Wednesday, February 5, 2014

A Frozen Treat on a Frozen Day

Brrr!  It's literally freezing here.  I'm talking negative numbers. -22 F when I got up this morning, it was up to -6 when I left to run our morning errands at 10 am.

You'd think it'd be a good time to cook and bake, and you'd be right, but it's also apparently a good time to make gelato.  We've been having this treat at least once a week for a couple of weeks now.  Perhaps it's because we never get our fill.  This recipe makes just a quart, which is barely enough to give everyone in our family of 5 a small bowlful.  Perhaps it's because it's just down right yummy, and easy enough to make often, even if you're 9 years old, like Hot Dog.



Basic Gelato Recipe

3 eggs
1/2 cup cream
2 1/2 cup milk
3/4 cup sugar
dash of salt
2 teaspoon vanilla

Whisk the 3 eggs in a pot until homogeneous
Add milk and cream, whisk again
Add sugar and salt, whisk again

Heat on medium or medium low heat whisking occasionally until thick and starting to bubble.  Cool in fridge (or outside on a freezing day) for 2 + hours (or a couple of days, if like me you get busy and forget about it)

When cool add vanilla, whisk one last time, and freeze in ice cream maker according to manufactures instructions.


Notes and Modifications

The other thing that's been making this addictive is that I finally learned how best to add chocolate chips - heat the oven on low (~200 F) put a piece of wax paper on a cookie sheet and put ~1/2 cup of chocolate chips on the wax paper and set in warm oven until chocolate is soft and gooey.  Pull it out and scrape liquid chocolate into the cold gelato, whisk, then freeze according to instructions.  The chocolate hardens in ribbons that are lovely in the finished product.

You can vary the flavor - use almond extract, mint extract, orange extract etc... instead of vanilla
I want to try chocolate sometime, oooh, or maybe chocolate orange w/ bits of orange zest in it.   Yea, that would be good.  If I could ever not make the basic chocolate chip that we all keep craving.

Tuesday, February 4, 2014

Super Easy Pizza Dough

Easiest Pizza Dough Ever



1 1/2 cups water
1 teaspoon bread machine yeast
4 cups unbleached all-purpose flour
1 teaspoon salt (kosher if you have it)
1 teaspoon Italian seasoning (optional)


Throw it all in the bread machine on the dough cycle.  You don't have to wait for the whole cycle, when it gets to the "rise" mode you can take it out and shape it.

Pre-heat oven to 500

Roll thin (~1/4")  and top as desired.

Notes and modifications:

One trick we learned is to bake it with just the sauce on it for ~3 min. then put the cheese  and other toppings on and finish it.  That cooks the crust a little bit more.
Also I like to sprinkle some extra pizza spice on the sauce, and minced garlic on top of the cheese.

Monday, May 27, 2013

Not-quite-Roti

On our sabbatical trip to the Caribbean we tried local cuisine whenever we could.
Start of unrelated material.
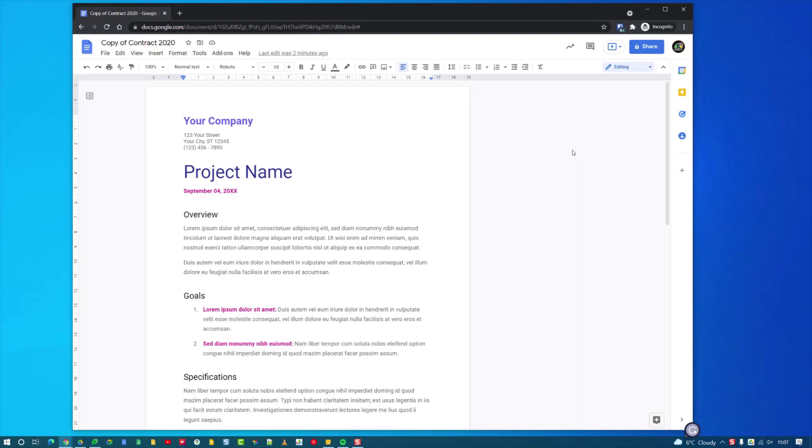Hi, it's James here and in this Try Now video I'm going to show you the new approval system built into Google Drive. This is available for Docs, Sheets and Slides.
In the British Virgin Islands one dish that was on many menus was "Roti".  Our experience with Roti was that it was a curry mix wrapped up in a tortilla.  Today we had a "Caribbean" party and I wanted to serve Roti, so I tried to google a recipe.  It turns out "Roti" is a naan like bread.  In the Caribbean it's filled with a savory curry and served as a ready to eat sandwich,colloquially called Roti, but not really the Indian Roti.

No matter how much I love them, I wasn't up to making individually shaped bread for 30 people.  I settled for making 2 curries and letting folks fill a tortilla with them.  Being me, I didn't follow a recipe, although I looked a few for inspiration.  Here's what I  made.


Beef Coconut Curry

 one beef roast, ~3lbs, whatever is on sale this week
Put in slow cooker with a jar of salsa and cook on low for 6-8 hrs.

You could stop here because that roast beef is pretty good just like this. Pull off bones and fat.  Eat it strait, or shred it and put a little vinegar on it, put it on a bun, and called it a pulled beef sandwich.

If you still want curry, chop or shred the beef and read on.

3 lbs potatoes, cut into chunks (~1.5 in)
 Put in pot, cover with water, salt if desired
Boil to not quite crunchy anymore, but not yet soft.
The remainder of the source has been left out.